Here Comes Your Man

Songs transform life into a novel. They render what we have experienced beautiful or faraway. The beauty later sets off the pain when we hear them again.
                                                                                           Annie Ernaux

“How many gin and tonics have you had?” he asked.

“Not nearly enough,” I said. It was at least five.

We hadn’t seen each other in over four years. The bar was crawling with groups of friends celebrating college graduations. Outside I could hear the Pixie’s song ‘Here Comes Your Man.’

I was sitting with co-workers from the coffee shop, talking about nothing and everything. It was a night filled with human intentions.

I sat down with my second drink and felt good. Someone made me laugh as I took a sip from my drink. I spit most of it out on the ground. As I pulled myself together, I looked up to watch more people filling the outdoor patio. Suddenly, I could feel my face become ghost heart cold.  There was a brief moment of eye contact and my trembling hands made me look away.

“Are you ok?” she asked.

“No, I’m not,” I said. I reached for my drink. The gin hit the back of my throat cold and harsh.

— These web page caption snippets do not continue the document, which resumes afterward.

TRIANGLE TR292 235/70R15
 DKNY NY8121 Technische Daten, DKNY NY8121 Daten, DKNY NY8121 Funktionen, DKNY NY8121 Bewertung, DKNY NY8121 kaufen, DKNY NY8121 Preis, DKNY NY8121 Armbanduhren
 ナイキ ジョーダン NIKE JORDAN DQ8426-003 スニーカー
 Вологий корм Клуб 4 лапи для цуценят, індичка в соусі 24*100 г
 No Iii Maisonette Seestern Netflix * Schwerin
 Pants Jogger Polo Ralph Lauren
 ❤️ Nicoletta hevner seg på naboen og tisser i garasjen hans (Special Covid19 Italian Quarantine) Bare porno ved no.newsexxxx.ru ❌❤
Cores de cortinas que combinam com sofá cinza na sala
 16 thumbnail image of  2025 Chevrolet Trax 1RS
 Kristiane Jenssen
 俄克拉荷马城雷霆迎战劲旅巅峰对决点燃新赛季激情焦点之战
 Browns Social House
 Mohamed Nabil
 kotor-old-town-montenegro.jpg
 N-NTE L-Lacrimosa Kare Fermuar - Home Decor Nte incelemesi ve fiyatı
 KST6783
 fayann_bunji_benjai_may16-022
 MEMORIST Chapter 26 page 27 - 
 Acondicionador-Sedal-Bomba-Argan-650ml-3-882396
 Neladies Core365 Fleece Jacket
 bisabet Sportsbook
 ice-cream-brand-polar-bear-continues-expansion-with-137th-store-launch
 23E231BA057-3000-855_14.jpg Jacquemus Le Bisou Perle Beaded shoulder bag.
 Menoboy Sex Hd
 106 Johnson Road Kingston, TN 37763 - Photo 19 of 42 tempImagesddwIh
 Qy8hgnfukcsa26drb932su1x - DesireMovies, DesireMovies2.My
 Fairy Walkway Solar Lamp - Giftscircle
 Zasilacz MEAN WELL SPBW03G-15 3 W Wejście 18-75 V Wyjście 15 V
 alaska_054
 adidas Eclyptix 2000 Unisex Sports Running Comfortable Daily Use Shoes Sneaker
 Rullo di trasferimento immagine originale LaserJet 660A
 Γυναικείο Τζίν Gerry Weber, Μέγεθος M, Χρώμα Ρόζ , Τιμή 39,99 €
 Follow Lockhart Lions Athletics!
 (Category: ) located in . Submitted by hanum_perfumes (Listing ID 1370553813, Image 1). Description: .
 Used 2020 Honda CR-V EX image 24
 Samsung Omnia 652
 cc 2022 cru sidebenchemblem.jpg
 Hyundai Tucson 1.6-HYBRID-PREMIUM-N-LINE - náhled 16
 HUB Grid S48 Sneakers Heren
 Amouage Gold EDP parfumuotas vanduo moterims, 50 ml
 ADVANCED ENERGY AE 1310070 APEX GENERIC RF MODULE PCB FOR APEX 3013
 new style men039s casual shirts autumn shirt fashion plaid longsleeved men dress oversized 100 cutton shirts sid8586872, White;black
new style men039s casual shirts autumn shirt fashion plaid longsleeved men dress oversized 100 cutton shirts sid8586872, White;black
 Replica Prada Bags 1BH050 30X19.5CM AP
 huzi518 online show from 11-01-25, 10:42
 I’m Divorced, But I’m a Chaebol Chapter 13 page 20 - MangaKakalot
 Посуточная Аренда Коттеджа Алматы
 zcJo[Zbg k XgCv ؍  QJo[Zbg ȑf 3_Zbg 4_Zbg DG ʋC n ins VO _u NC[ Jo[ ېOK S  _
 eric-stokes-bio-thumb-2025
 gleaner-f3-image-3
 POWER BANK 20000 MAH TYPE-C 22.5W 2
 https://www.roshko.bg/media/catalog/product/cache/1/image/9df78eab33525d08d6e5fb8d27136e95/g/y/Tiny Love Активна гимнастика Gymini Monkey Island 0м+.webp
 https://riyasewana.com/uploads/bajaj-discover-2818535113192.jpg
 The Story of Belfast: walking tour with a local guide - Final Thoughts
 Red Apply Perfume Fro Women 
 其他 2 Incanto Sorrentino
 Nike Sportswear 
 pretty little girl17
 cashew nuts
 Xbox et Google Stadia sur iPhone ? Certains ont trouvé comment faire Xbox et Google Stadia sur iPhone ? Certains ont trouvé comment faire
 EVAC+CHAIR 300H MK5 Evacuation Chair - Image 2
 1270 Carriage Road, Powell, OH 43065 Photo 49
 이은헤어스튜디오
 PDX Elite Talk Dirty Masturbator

I got up because I wanted to keep drinking. I came back with two gin and tonics. I tried to explain to my friends who I had just seen. He was sitting across the patio, the back of his jacket haunting.

“We used to…” but then I got distracted when I noticed him turn his head around to look at me.

“He knows I’m here.” I can’t recall if I actually said this out loud.

“Don’t worry about him,” she said. “You’re with your friends tonight.”

I could feel the drinks toasting to the evening breeze. The air was warm and reminded me of young love. I finished the drinks from earlier and got up to use the bathroom. There was a wait so long. There was a line for the men’s room too. That’s when I saw him.

I was still waiting by the time he came out of the men’s room. The gin making me more confident than I actually was, I had to say something.


He would have walked right past me.

“Hey, what’s up?”

I was off-put by the casual disposition of the question.

“One of us had to be the first to say something,” I said.

He laughed nervously and asked what I was drinking. I looked down at my hand and realized I still had an empty cup in my hand.
“How many gin and tonics have you had?” He asked.

“Not nearly enough.”

The bathroom became free and we went our separate ways.

The night became louder and longer. It was probably after two in the morning when I ran into him again at the bar. He was closing out his tab and I was looking for a beer. ‘Here Comes Your Man’ was on the jukebox again.

“We didn’t get a chance to catch up,” he said. “You want to walk me to my car?”

“Sure,” I said.

Once we were outside the bar we started walking towards where I thought he had parked his car. Suddenly, he was holding my hand. The touch of his fingers interlacing with mine sent a chill so far up my spine I could feel it in my eyes.

Nothing felt accidental and everything was blurry.  It was as if his car didn’t exist. It was as if he hadn’t gone to Japan and come back married.

The car did exist. It had four tires, doors, and windows. A thousand pounds of a life I knew nothing about. There was a streetlight nearby and the harshness of the glow instilled the fear I felt when he looked at me.